TO DO
Output all of the data exactly as it appears, but leave out any pictures it contains.
═══ MATERIAL SUPPLIED
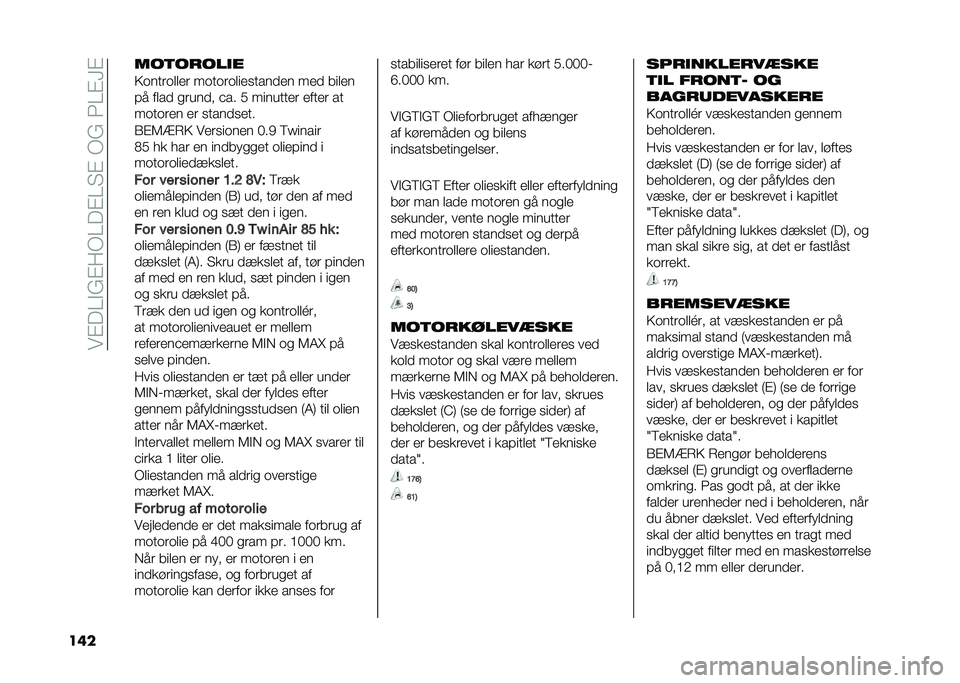 FIAT 500 2021  Brugs- og vedligeholdelsesvejledning (in Danish) ���#��0�"�&�#��-�0��#�0� �#��-�&��1�0�#�G�#
��� ���	�����
�
�4���
������ ���
�����	���
����� ��� ��	���
�!� ���� ���
��� �$�� �/ ��	��
�
�
�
══════
THE COMPLETED TASK
 FIAT 500 2021  Brugs- og vedligeholdelsesvejledning (in Danish) ���#��0�"�&�#��-�0��#�0� �#��-�&��1�0�#�G�#
��� ���	�����
�
�4���
������ ���
�����	���
����� ��� ��	���
�!� ���� ���
��� �$�� �/ ��	��
�
�
�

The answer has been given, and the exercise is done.